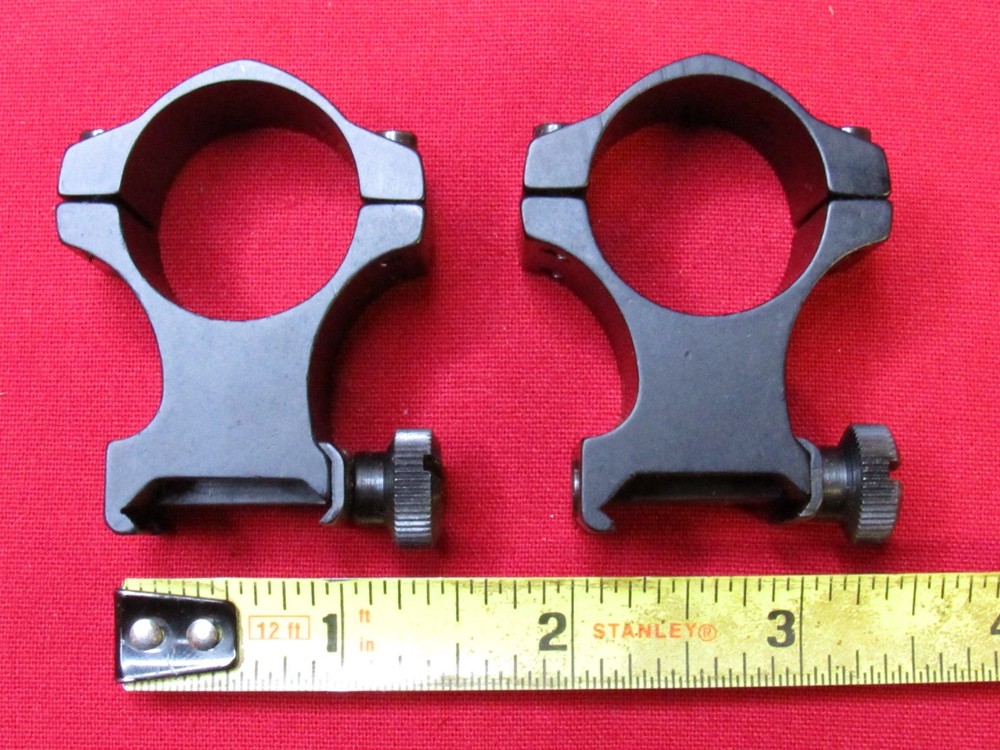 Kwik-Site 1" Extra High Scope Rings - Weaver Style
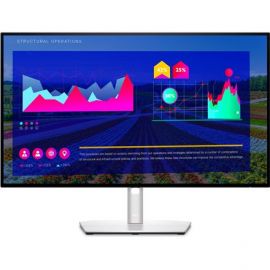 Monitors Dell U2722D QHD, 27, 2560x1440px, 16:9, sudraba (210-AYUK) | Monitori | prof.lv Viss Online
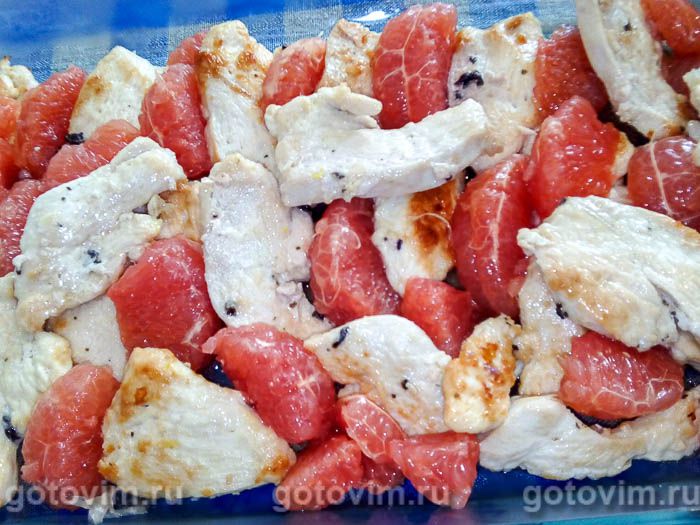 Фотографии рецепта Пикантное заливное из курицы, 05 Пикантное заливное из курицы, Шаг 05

==

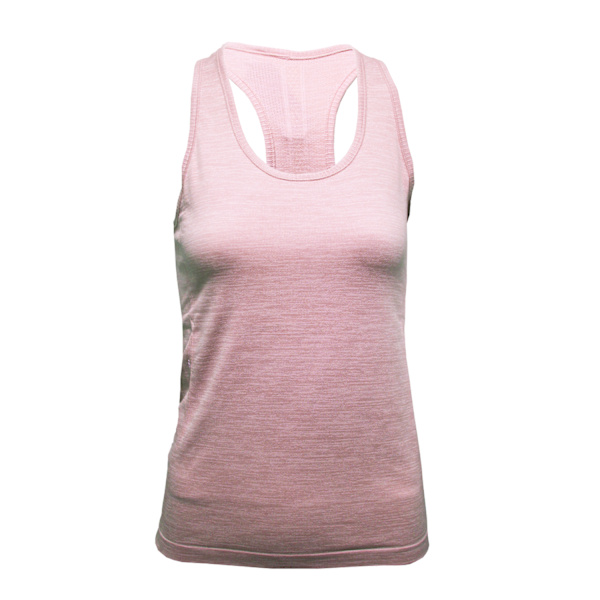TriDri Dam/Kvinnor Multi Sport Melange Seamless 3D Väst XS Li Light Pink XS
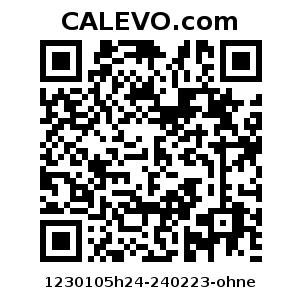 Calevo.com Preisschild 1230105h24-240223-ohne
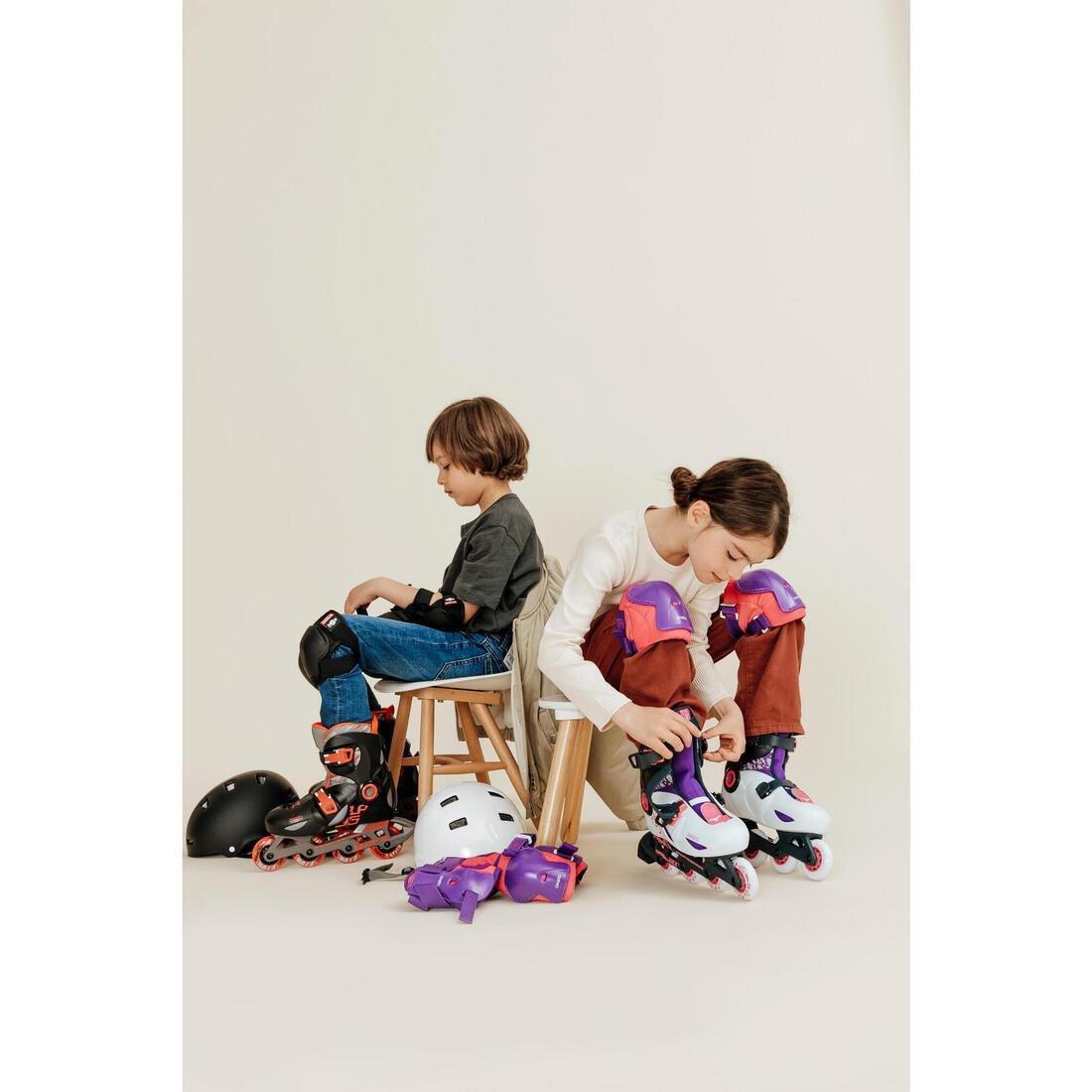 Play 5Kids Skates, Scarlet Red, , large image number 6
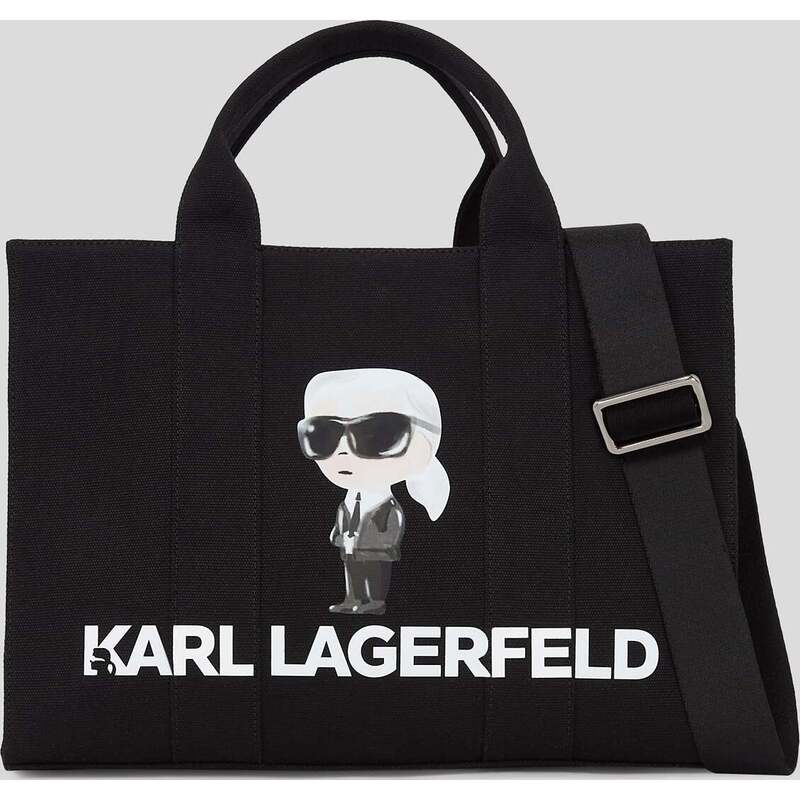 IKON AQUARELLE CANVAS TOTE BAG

==

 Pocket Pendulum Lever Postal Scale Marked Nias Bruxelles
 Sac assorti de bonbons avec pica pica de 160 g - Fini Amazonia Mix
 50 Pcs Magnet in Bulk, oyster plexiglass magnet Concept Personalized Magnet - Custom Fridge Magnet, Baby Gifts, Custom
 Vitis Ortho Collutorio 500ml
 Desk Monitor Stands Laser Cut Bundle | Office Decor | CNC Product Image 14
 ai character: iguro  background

- **TASK INSTRUCTIONS**:
Leave out the images and write out the lines above exactly, from the one with "Monitors Dell U2722D" up to and including the one with "Фотографии рецепта Пикантное".

- **SOLVED PROBLEM**:
 Monitors Dell U2722D QHD, 27, 2560x1440px, 16:9, sudraba (210-AYUK) | Monitori | prof.lv Viss Online
 Фотографии рецепта Пикантное заливное из курицы, 05 Пикантное заливное из курицы, Шаг 05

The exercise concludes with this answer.